Given information:
************

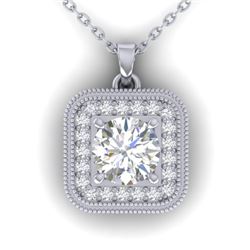 1.32 CTW Certified VS/SI Diamond Art Deco Micro Halo Necklace 14K White Gold - REF-193W3F - 30501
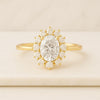 Oval Cut Moissanite Halo Engagement Ring
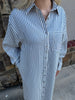 Long Sleeve Stripe Midi Shirt Dress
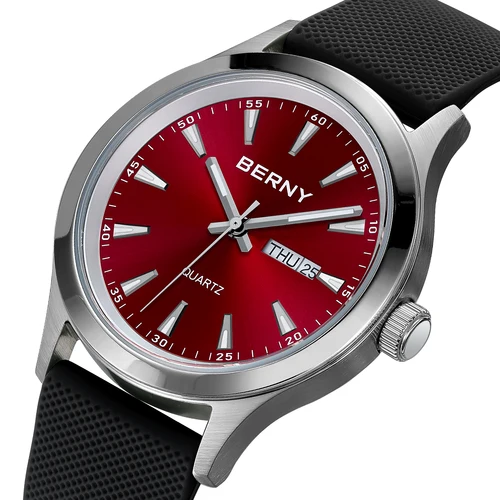 Imagen 2 del producto Reloj BERNY para hombre, calendario luminoso con fecha y semana, relojes de cuarzo para hombre, reloj de pulsera de negocios de silicona suave de acero inoxidable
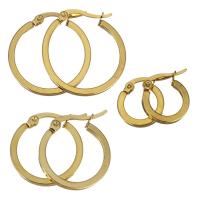 Acier inoxydable Levier Retour Earring, Placage de couleur d'or, normes différentes pour le choix & pour femme, 12pairescouple/lot, Vendu par lot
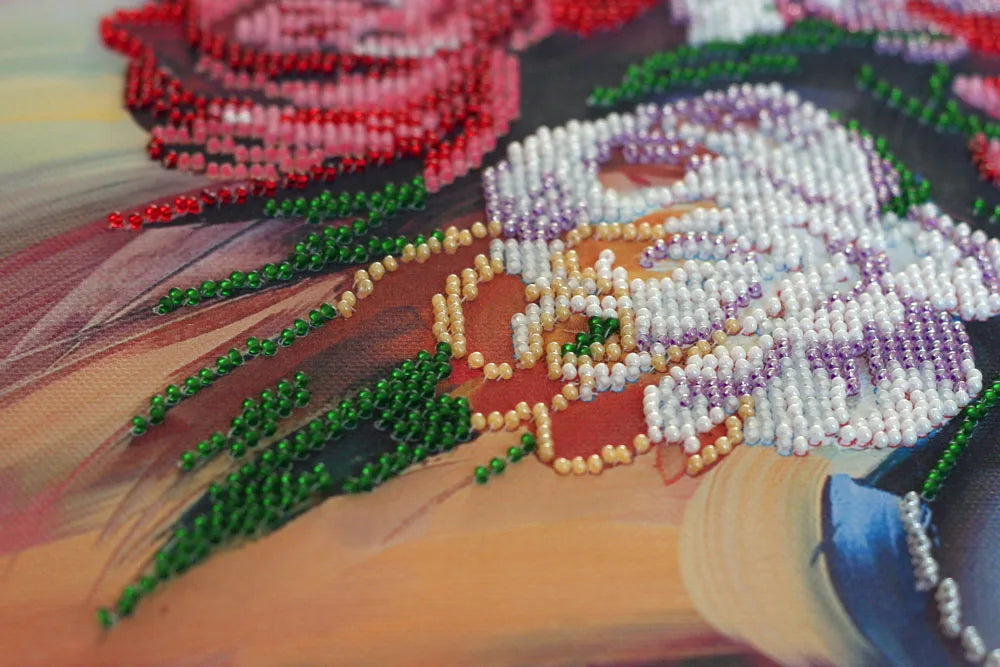Bead Embroidery Kit Main Bead Embroidery Kit Picturesque peonies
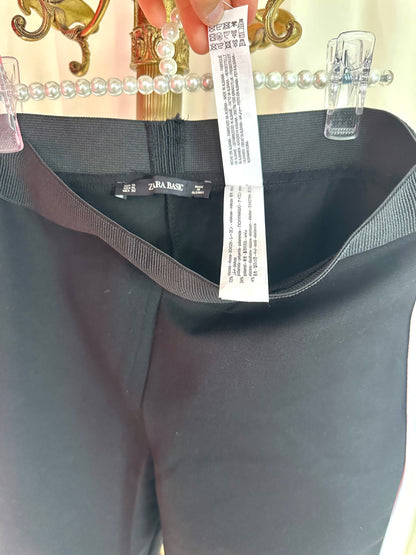 Broek Zara basic zwart,lichtroze maat XL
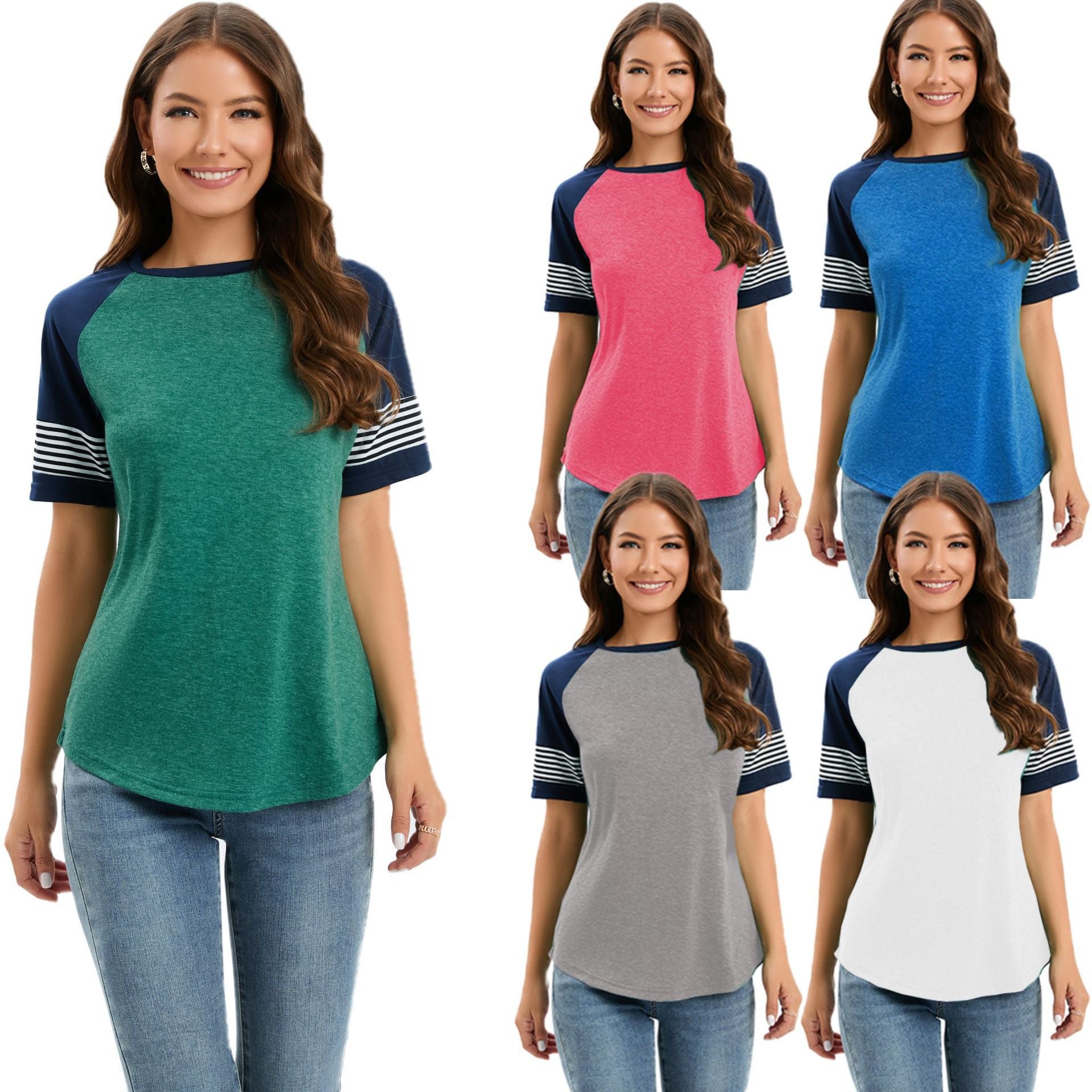 Damen sportliches Raglan-T-Shirt mit Streifenmuster R&B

************

Nothing but the records themselves, exact and complete, should be returned; leave the pictures out.

 1.32 CTW Certified VS/SI Diamond Art Deco Micro Halo Necklace 14K White Gold - REF-193W3F - 30501
 Oval Cut Moissanite Halo Engagement Ring
 Long Sleeve Stripe Midi Shirt Dress
 Imagen 2 del producto Reloj BERNY para hombre, calendario luminoso con fecha y semana, relojes de cuarzo para hombre, reloj de pulsera de negocios de silicona suave de acero inoxidable
 Acier inoxydable Levier Retour Earring, Placage de couleur d'or, normes différentes pour le choix & pour femme, 12pairescouple/lot, Vendu par lot
Bead Embroidery Kit Main Bead Embroidery Kit Picturesque peonies
 Broek Zara basic zwart,lichtroze maat XL
 Damen sportliches Raglan-T-Shirt mit Streifenmuster R&B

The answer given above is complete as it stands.